Since the introduction of the 5p charge for single use plastic bags in October 2015, plastic litter has been drastically reduced in my neighbourhood. Pretty much every shopper at my local supermarket takes their own bags and doesn’t even complain anymore! However, plastic litter is still prevalent in our environment, and there is more that we can do as a society to reduce our plastic consumption. As today marks the start of Plastic Free July, I want to share with you six ways that our family have reduced our plastic usage with very little effort at all; hopefully it can encourage some of my readers to make a small change this month too.
- Nappies and wipes
25-30% of a disposable nappy is plastic (mainly polypropylene and polyethylene) and can take between 200 and 500 years to decompose in landfill. They account for approximately 3% of household waste, and approximately 8 million disposable nappies are thrown away each day in the UK alone. Disposable wipes are generally made of polyester and propropylene, and the packaging is made of non-recyclable plastics.
Reusable nappies do have some plastics components, mainly the waterproof PUL (polyurethane laminate) layer, and some of the absorbent materials such as microfibre (polyester, polyamide, and polypropylene), but consider that these are a multiple use item and that the plastic component will be reused hundreds of times. You can also choose plastic-free alternatives such as a wool wrap instead of a PUL one, and bamboo, hemp or cotton instead of microfibre. Reusable wipes are usually made from cotton or bamboo, and are dampened with water to use.
There is a network of nappy libraries across the country to help, support and advise parents who want to trial reusable nappies. Why not get in touch with your local volunteer to find the reusable nappies that work for you
Roll-on and stick deodorants are packaged in plastic, usually polyethylene and polypropylene, which can generally be recycled.
There are alternatives which use compostable cardboard packaging; once the product has been used, simply add to your compost bin or in to your garden waste bin. The additional benefit of natural deodorants is that they do not contain aluminium, which is absorbed into the skin and has a potential link to certain cancers and Alzheimers.
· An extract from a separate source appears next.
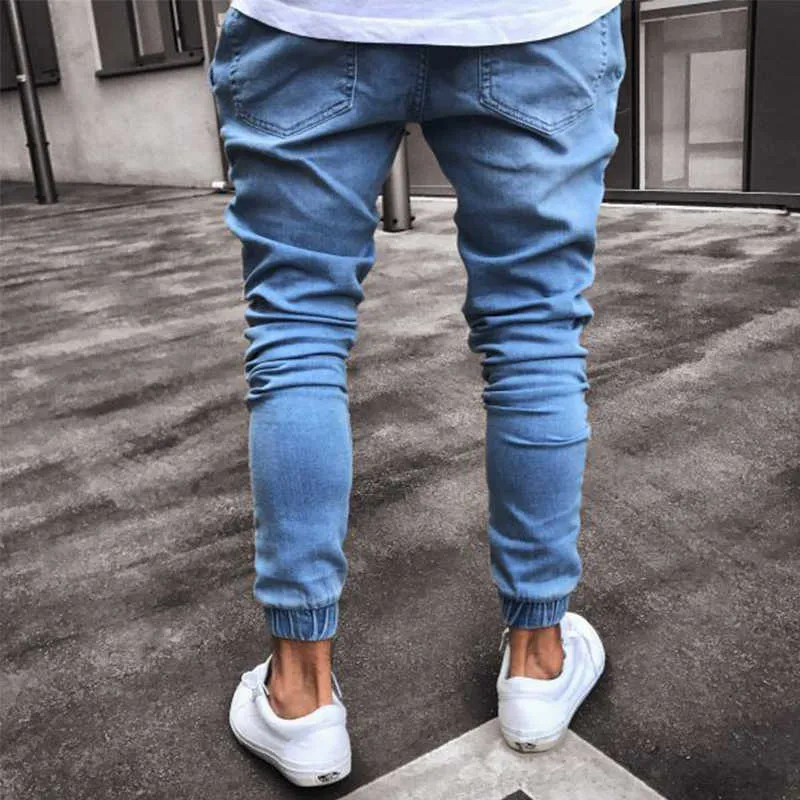 Jeans da uomo di alta qualità Blu Nero Biker Piega Mazzo di piedi Denim Maschio Colore puro Jogger Caviglia Striate Pantaloni a matita S-3XL Taglia X0621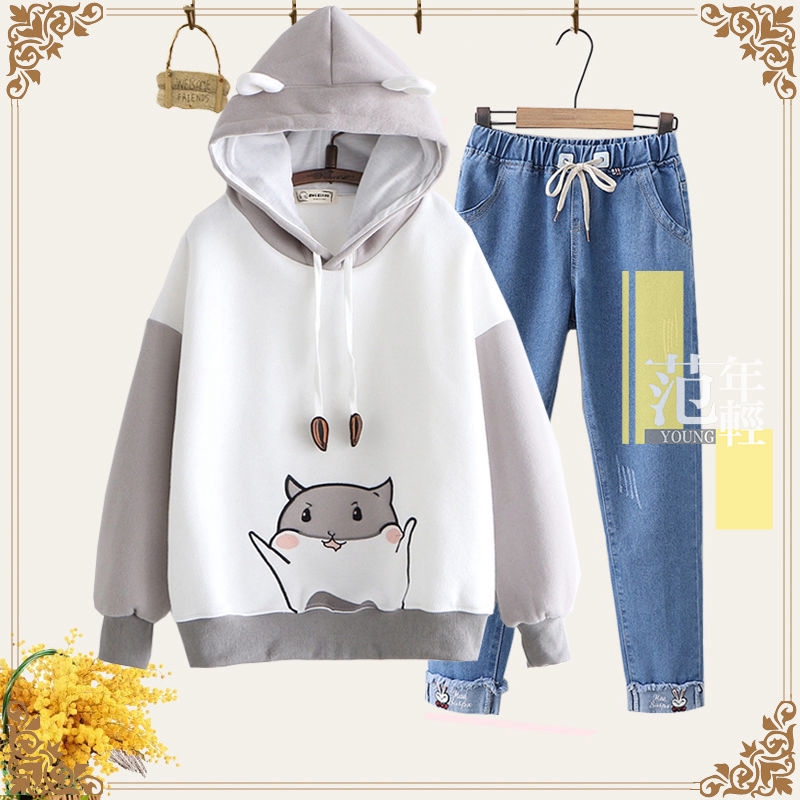 Set 2 Món Áo Hoodie In Hình Chuột Hamster Dễ Thương Thời Trang Mùa Xuân 2020 Cho Bé Gái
- Shampoo, conditioner and shower gel
In a similar fashion to deodorants, shampoo, conditioner and shower gel are packaged in plastic, most of which can be widely recycled (although not usually the lids)
Shampoo and conditioner bars are a simple plastic-free alternative that can be found on the high street or online; simply lather up and then rinse. Some users report that the bars can leave hair slightly waxy, but a rinse with diluted apple cider vinegar (easy to find in your local supermarket, and you can opt for a glass bottle) helps to remove any residues. Similarly, with shower gel, you can buy shower gel bars, or even use old-fashioned soap!
It is estimated that 8.5 BILLION plastic straws are used in the UK every year; many are not disposed of correctly and end up as litter. They will degrade over time (approximately 200 years) but will never fully break down (biodegrade); this means that tiny particles remain in the environment and are toxic to wildlife. Even before they break down, plastics are ingested by wildlife, causing suffocation and death.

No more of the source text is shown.